The four ‘must haves’ in any Public Affairs plan: #2 Issue scenario-building
As many Public Affairs professionals will know, the PA department can have many different tasks to handle, some which may not even be core for a PA function. This depends of course on the organization, the raison d’être for the PA function and how many people will be working to execute the tasks. However, every good PA department starts with a plan - and in this extract from his book “The Public Affairs Engine” Ulobby CEO Anders Kopp Jensen gives his two cents on the four essential parts of such a PA-plan, continuing with step number 2:
So now you know your issues, the stakeholders and their position and you have identified the drivers in the public agenda. But an important next step is of course to identify the different scenarios on your particular issues. Most companies in the survey had between 4-8 issues (median of 5), but everyone should know that you will not succeed in the way you desire on all issues. The most likely outcome – like many things in life – is that you compromise or seek out the minimum acceptable solution in the political environment you are facing. Thus, the experienced PA professionals know that politics require pragmatism and a “best possible solution” approach.
Before PA professionals begin to reach out, assess and describe the following template.
Experienced PA professionals approach this by defining each step and also the barriers and enablers between them. Much depends on how the legislative process proceeds and how you can stimulate (push or slow/break) the progress.

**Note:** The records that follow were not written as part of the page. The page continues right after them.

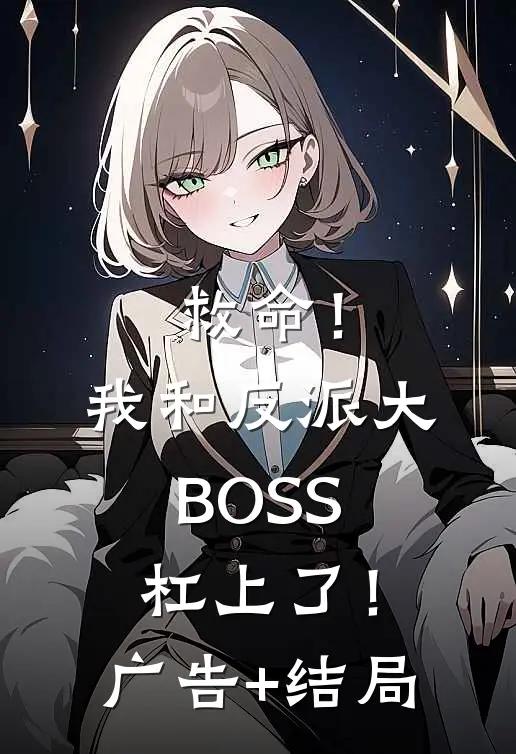救命！我和反派大BOSS杠上了！广告+结局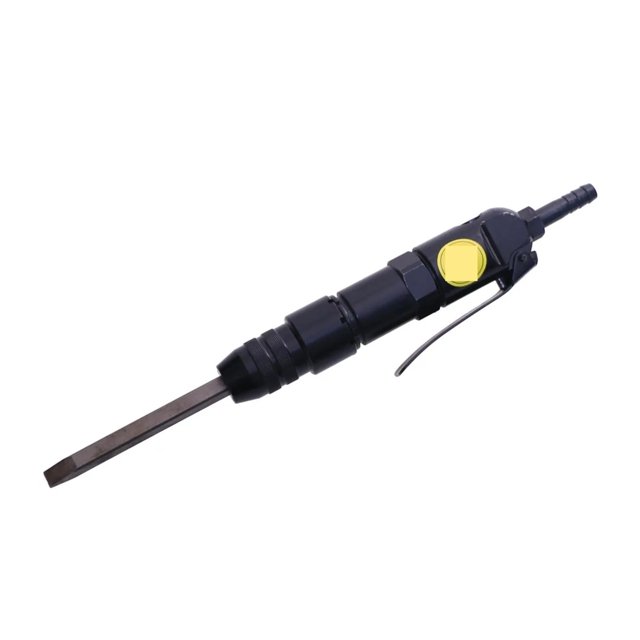 CZ-1 Straight Pneumatic Hammer Shovel Air Chisel Hammer, Shovel Welding Slag, Pneumatic Shovel Blade, Powerful Rust Remover ,Versatile Applications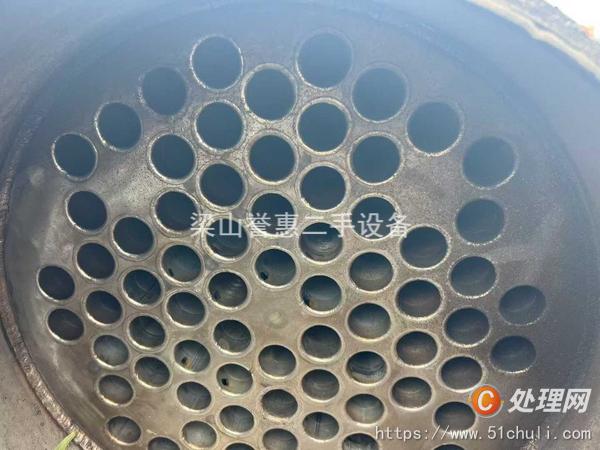 二手四效蒸發(fā)器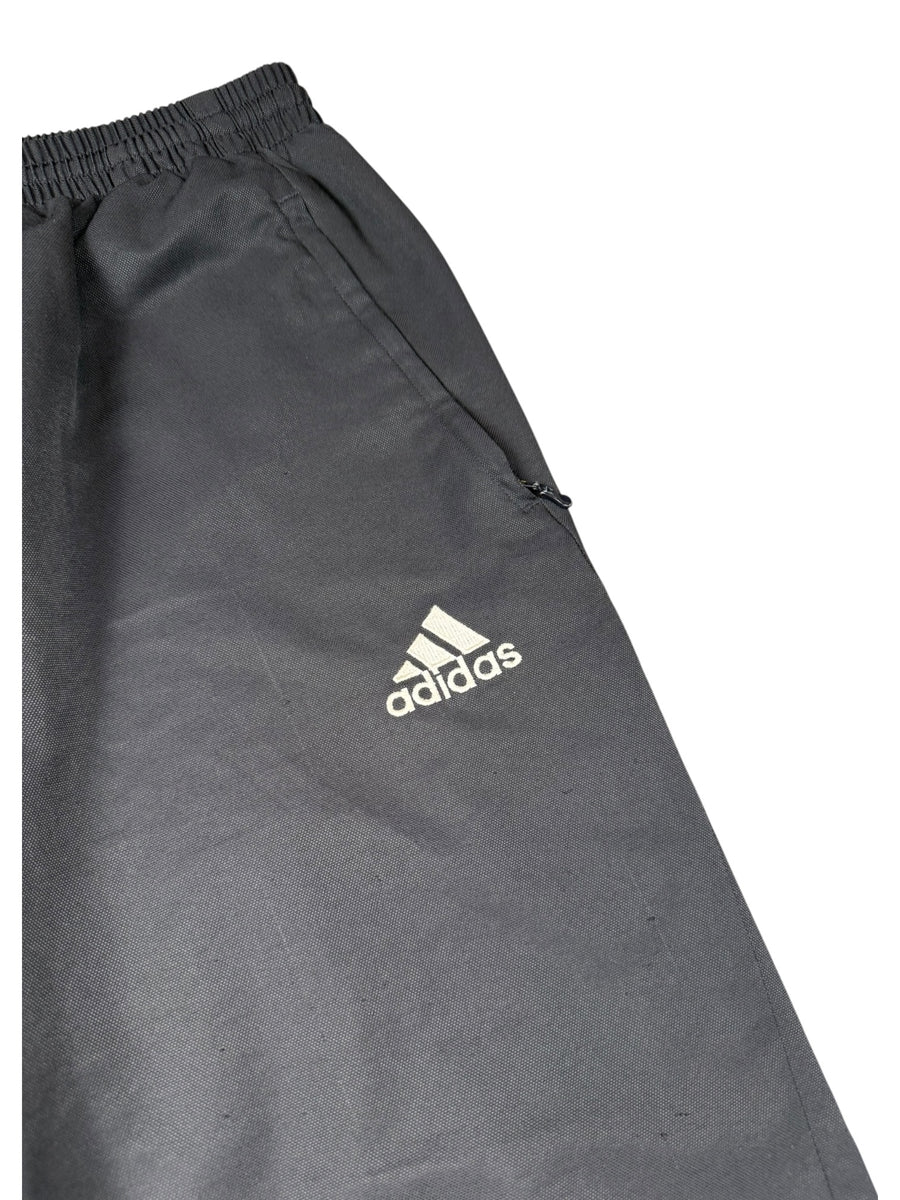 Adidas RSC Anderlecht Vintage Tracksuit Herren Schwarz Lila Weiß S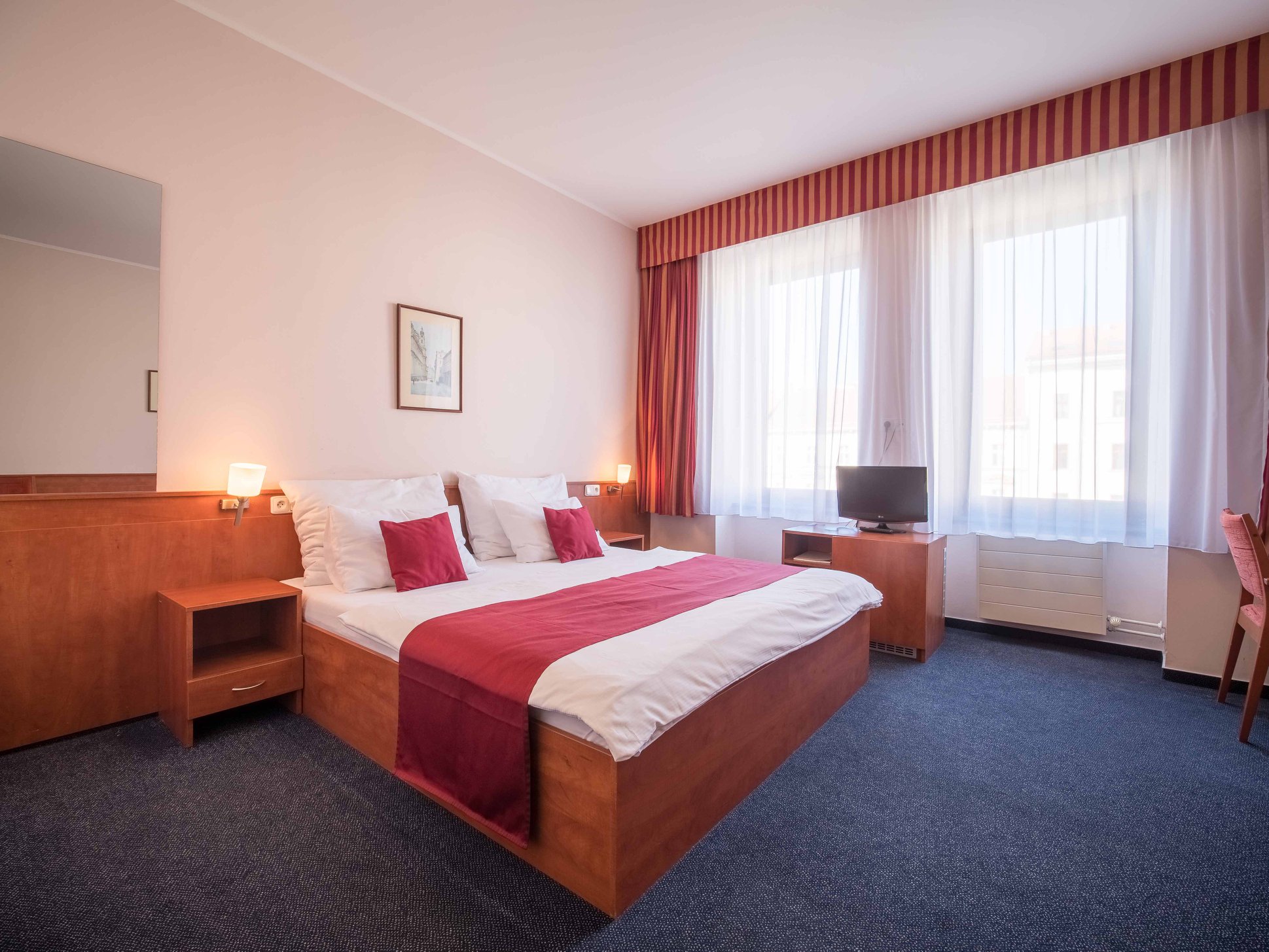 Hotelu Bernek Praha 3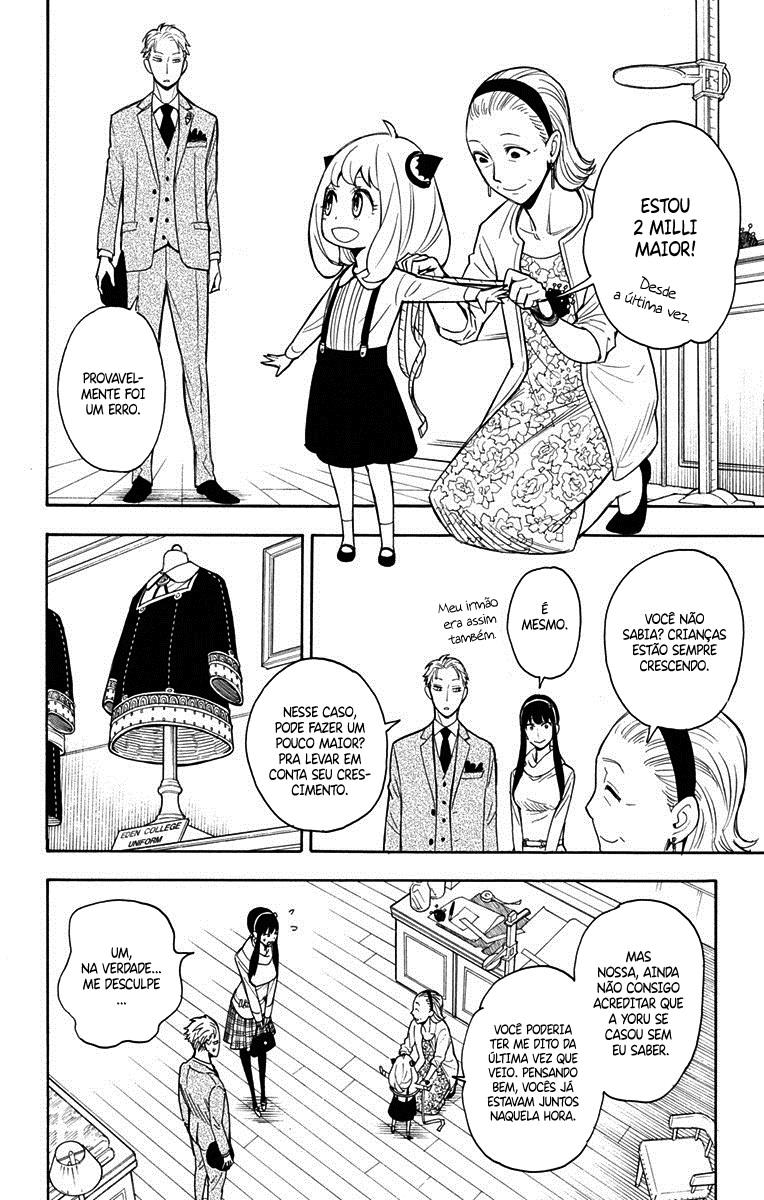 Read SPY×FAMILY PT-BR Manga Online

This is important for two reasons: 1) this creates an overview and makes it actionable, and 2) it also functions as an expectation management step internally to make sure the PA efforts are not only measured in a binary dichotomy between best case or not.
In the plan, the PA professional must describe the different issue scenarios and also how to handle smaller changes in the political environment as well as larger incidents such as elections. As William Oberman (2017) stresses, this should also include reflections regarding at what level the issues are based. In other words the “venue”, as in local, state, national or supranational, and “branch”, as in legislative, executive, judicial, as well as the specific “unit”, as in committee, agency, etc., of government in which public policy is formulated or acted upon. Remember to draw a distinction between horizontal (venues at same level of government) and vertical focus areas (multiple possible levels). There are differences and you want to make sure that you “attack” the right level and don’t waste your time!